Your Complete Guide To Menopause

Discover how menopause affects the body, how symptoms can be treated, and how it impacts lifestyles in our ultimate guide to menopause.

Updated: Tuesday 26 March 2024


menopause guide

Did you know a third of the UK female population is either perimenopausal (transitioning to menopause), menopausal, or postmenopausal according to the latest data from the NHS?[1]

This equates to approximately 13 million women of which 10% report being taught about menopause at school and almost two-thirds are estimated to start seeking information about the condition only after symptoms have appeared.[2]

In order to bridge this knowledge gap, our experts have created this comprehensive guide to menopause answering some of the most pertinent questions regarding this condition.

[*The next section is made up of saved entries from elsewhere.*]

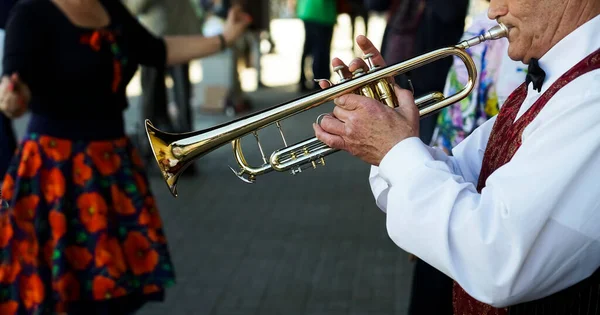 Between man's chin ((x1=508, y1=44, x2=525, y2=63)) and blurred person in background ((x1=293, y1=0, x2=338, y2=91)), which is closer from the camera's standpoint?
man's chin ((x1=508, y1=44, x2=525, y2=63))

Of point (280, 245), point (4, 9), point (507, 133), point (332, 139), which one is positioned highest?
point (4, 9)

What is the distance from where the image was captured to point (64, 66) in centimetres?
330

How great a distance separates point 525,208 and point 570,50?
385 millimetres

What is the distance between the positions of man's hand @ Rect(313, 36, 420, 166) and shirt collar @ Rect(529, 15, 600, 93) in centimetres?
29

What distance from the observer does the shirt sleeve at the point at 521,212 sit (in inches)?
57.5

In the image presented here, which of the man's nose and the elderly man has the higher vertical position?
the man's nose

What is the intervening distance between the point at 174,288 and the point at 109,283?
3.95 ft

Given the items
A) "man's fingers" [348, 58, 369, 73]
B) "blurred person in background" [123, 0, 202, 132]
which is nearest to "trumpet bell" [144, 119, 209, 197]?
"man's fingers" [348, 58, 369, 73]

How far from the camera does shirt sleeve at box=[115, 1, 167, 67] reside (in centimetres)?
364

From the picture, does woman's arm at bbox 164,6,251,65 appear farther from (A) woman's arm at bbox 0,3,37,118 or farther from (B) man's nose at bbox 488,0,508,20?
(B) man's nose at bbox 488,0,508,20

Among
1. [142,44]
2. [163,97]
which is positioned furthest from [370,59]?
[163,97]

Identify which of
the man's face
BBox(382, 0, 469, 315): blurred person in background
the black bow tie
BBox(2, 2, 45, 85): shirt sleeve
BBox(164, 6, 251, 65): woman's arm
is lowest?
BBox(382, 0, 469, 315): blurred person in background

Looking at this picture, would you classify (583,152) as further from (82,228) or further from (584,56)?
(82,228)

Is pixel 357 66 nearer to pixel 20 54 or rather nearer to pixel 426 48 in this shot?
pixel 20 54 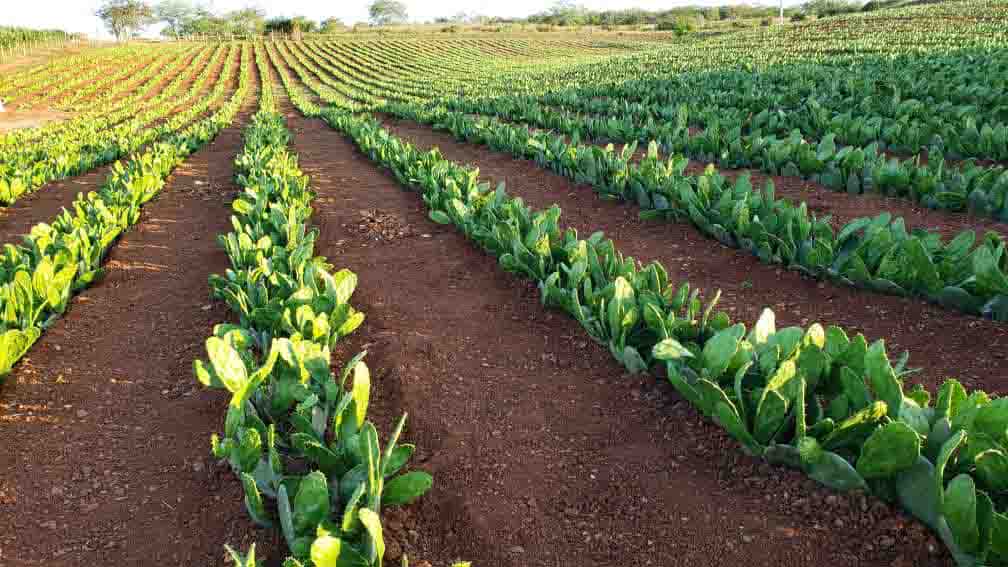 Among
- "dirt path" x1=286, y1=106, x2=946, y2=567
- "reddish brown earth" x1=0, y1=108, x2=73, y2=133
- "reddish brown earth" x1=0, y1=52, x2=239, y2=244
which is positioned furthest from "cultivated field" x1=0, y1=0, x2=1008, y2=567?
"reddish brown earth" x1=0, y1=108, x2=73, y2=133

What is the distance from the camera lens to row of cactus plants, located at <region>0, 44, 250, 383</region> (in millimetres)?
3580

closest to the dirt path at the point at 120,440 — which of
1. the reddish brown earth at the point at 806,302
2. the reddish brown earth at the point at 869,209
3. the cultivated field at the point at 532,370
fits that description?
the cultivated field at the point at 532,370

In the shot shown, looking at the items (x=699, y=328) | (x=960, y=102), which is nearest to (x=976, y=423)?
(x=699, y=328)

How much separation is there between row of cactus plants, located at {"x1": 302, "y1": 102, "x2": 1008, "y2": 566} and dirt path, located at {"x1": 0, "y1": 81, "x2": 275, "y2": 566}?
179cm

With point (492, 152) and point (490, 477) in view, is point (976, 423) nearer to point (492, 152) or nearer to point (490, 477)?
point (490, 477)

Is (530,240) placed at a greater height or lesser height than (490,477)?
greater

Read on to learn how long menopause lasts, what the symptoms of menopause are, how to manage menopause using treatments like Gina, and much more.

What happens during menopause?

During menopause, a woman's ovaries stop producing two key hormones that regulate menstruation - oestrogen and progesterone. If the body no longer produces these hormones, periods stop occurring (hence the name menopause, which translates to ‘the last menstrual period’).

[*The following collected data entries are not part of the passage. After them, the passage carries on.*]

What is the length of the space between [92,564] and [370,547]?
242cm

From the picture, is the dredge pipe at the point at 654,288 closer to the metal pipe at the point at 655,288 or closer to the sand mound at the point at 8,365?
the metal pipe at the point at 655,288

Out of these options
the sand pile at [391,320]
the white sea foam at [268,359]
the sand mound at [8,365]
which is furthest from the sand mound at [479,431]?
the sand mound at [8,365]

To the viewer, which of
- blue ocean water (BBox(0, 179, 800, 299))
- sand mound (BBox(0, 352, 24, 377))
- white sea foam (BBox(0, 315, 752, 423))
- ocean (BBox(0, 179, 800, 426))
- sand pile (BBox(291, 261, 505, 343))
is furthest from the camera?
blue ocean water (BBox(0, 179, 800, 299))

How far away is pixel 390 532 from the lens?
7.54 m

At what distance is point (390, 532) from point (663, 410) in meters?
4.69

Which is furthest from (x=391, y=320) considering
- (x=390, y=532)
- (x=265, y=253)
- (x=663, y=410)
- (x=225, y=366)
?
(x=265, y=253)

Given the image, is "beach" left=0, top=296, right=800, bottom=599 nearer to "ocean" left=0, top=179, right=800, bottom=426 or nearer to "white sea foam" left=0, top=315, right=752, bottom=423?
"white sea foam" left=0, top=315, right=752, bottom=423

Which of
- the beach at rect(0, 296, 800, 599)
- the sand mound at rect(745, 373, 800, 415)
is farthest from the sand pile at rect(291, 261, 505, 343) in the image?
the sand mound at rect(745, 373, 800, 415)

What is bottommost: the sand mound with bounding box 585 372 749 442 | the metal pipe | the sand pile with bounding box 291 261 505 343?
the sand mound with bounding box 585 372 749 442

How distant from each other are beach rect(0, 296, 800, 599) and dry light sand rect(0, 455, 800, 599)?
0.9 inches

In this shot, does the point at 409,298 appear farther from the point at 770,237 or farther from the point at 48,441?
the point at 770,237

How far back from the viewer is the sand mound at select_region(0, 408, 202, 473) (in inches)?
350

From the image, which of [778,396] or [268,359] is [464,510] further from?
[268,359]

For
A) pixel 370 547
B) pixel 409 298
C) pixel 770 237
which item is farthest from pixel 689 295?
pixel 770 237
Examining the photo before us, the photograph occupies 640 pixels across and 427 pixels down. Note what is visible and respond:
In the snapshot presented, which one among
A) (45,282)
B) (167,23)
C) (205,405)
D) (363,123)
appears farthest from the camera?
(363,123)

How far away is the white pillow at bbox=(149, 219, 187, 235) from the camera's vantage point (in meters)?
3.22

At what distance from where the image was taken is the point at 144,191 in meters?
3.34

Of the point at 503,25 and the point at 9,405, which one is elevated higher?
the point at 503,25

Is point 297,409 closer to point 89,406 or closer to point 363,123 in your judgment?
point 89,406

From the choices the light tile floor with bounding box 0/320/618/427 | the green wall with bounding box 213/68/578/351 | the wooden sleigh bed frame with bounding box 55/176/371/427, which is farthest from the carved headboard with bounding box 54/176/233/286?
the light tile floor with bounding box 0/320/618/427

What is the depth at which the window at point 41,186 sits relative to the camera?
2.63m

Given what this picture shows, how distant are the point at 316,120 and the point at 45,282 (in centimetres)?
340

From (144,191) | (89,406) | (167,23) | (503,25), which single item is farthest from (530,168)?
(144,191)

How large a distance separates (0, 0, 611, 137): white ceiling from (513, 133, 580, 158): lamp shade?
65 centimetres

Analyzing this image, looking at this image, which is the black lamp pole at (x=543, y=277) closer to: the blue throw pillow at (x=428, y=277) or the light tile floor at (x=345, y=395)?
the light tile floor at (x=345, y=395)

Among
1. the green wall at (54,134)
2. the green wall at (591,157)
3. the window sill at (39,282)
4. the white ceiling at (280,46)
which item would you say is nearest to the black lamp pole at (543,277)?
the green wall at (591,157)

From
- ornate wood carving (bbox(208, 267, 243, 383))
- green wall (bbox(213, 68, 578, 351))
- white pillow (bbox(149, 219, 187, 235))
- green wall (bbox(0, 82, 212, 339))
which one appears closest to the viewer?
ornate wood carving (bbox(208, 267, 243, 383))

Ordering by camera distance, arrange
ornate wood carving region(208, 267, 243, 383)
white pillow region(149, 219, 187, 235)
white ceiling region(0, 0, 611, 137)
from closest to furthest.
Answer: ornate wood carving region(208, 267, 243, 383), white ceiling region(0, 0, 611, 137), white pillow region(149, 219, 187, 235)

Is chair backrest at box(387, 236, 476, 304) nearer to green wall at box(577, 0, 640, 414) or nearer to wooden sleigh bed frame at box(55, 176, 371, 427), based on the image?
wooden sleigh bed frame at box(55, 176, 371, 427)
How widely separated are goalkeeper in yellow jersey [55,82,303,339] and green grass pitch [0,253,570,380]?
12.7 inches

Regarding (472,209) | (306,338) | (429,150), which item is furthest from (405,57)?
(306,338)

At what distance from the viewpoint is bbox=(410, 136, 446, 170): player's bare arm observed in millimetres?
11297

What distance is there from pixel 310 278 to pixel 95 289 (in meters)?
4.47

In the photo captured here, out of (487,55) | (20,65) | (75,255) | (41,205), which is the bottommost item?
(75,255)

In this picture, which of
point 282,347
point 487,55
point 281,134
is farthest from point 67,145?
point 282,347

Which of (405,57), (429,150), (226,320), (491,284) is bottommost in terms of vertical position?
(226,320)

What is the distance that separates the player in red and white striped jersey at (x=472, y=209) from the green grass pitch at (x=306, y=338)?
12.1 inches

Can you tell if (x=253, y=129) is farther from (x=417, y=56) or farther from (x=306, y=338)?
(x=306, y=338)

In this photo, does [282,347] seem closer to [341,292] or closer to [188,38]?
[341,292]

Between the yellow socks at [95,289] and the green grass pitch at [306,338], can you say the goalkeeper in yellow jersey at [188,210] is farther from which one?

Menopause is a natural process that typically begins between the ages of 45 and 55, although the exact age can vary from woman to woman.[3]

When does menopause start?

Research shows that menopause usually starts 12 months after a woman’s final period[4]. However, the symptoms of menopause can begin to occur several years before that point. It is recommended to take a menopause test to be certain of whether menopause has started.

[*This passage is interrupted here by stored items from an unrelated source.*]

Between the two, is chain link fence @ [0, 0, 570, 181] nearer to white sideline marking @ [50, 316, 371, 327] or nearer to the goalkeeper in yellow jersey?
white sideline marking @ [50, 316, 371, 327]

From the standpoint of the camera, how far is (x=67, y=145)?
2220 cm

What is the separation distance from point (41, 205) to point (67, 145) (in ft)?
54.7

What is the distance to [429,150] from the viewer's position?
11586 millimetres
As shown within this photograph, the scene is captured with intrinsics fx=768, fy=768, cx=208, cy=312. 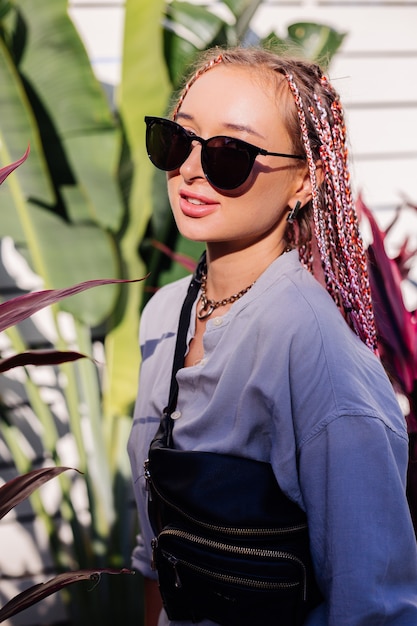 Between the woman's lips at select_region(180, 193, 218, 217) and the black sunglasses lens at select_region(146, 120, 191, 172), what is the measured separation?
0.18 feet

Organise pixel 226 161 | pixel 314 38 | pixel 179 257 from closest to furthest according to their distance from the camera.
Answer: pixel 226 161
pixel 179 257
pixel 314 38

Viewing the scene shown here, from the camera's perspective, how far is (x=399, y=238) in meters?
2.95

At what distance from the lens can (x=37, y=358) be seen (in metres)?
0.94

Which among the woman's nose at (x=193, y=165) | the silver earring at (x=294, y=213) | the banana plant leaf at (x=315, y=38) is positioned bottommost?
the silver earring at (x=294, y=213)

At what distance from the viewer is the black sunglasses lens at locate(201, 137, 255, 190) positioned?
0.98 m

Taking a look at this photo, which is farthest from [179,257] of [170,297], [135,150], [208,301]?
[208,301]

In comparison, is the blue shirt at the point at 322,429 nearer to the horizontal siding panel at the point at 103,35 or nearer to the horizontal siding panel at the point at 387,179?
the horizontal siding panel at the point at 103,35

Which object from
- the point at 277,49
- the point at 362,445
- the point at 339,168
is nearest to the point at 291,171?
the point at 339,168

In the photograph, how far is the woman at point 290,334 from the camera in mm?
868

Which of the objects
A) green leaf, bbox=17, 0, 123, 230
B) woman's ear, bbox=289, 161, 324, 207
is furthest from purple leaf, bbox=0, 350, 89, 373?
green leaf, bbox=17, 0, 123, 230

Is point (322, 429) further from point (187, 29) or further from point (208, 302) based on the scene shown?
point (187, 29)

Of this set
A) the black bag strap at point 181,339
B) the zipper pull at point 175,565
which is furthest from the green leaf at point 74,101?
the zipper pull at point 175,565

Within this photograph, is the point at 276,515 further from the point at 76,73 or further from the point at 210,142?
the point at 76,73

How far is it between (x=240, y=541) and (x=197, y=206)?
44 centimetres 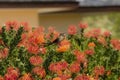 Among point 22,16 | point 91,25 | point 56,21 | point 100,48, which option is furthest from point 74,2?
point 91,25

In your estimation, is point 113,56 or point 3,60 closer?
point 3,60

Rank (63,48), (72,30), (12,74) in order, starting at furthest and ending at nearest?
(72,30), (63,48), (12,74)

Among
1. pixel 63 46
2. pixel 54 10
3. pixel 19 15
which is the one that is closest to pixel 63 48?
pixel 63 46

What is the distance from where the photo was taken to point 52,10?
12.3 m

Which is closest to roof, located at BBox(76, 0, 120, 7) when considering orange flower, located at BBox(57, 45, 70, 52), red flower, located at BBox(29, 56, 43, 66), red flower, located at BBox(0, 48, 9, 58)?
orange flower, located at BBox(57, 45, 70, 52)

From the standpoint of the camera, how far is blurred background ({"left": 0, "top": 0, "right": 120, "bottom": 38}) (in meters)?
10.9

What are the 3 stages of menopause?

The 3 stages of menopause are called perimenopause, menopause, and postmenopause.

Perimenopause typically begins during the 40s and refers to the time leading up to menopause when oestrogen and progesterone production begins to fall.[5]

Menopause, on the other hand, refers to the stage when menstruation has stopped for at least 12 consecutive months.[6] In the UK,[7] the average age of women who experience menopause is 51.

After this stage is reached, a woman is considered to be in postmenopause.

What are the symptoms of menopause?

The symptoms of menopause can overlap with the perimenopausal and postmenopausal stages as well as per the NHS.[8] These include:

Symptom Can it occur during perimenopause? Can it occur during menopause? Can it occur during postmenopause?
Hot flashes Yes Yes Yes
Irregular periods Yes No No
Heart palpitations Yes Yes Yes
Dryness in the intimate area Yes Yes Yes
Increased skin oiliness Yes Yes Yes
Headaches or migraines Yes Yes Yes
Hair thinning Yes Yes Yes
Loss of bone mass and/or osteoporosis Yes Yes Yes
Joint pain, stiffness, and/or aches Yes Yes Yes
Urinary incontinence Yes Yes Yes
Difficulties sleeping (also known as menopausal insomnia) Yes Yes Yes
Anxiety Yes Yes Yes
Mood changes Yes Yes Yes
Memory lapses Yes Yes Yes
Reduced libido Yes Yes Yes

How long does menopause last?

According to prominent medical sources,[9,10] menopause can last anywhere between 4 and 10 years. The average duration of the perimenopausal stage is estimated to be 4 to 8 years, while the average duration of the menopausal stage is estimated to be 4 to 7 years. However, some symptoms of menopause may persist beyond these time frames.

How to treat menopause

The primary way to treat menopause is through Hormone Replacement Therapy (HRT). Additionally, menopause supplements can be taken to alleviate various menopausal symptoms, including sleep disturbances, hot flashes, mood changes, and more.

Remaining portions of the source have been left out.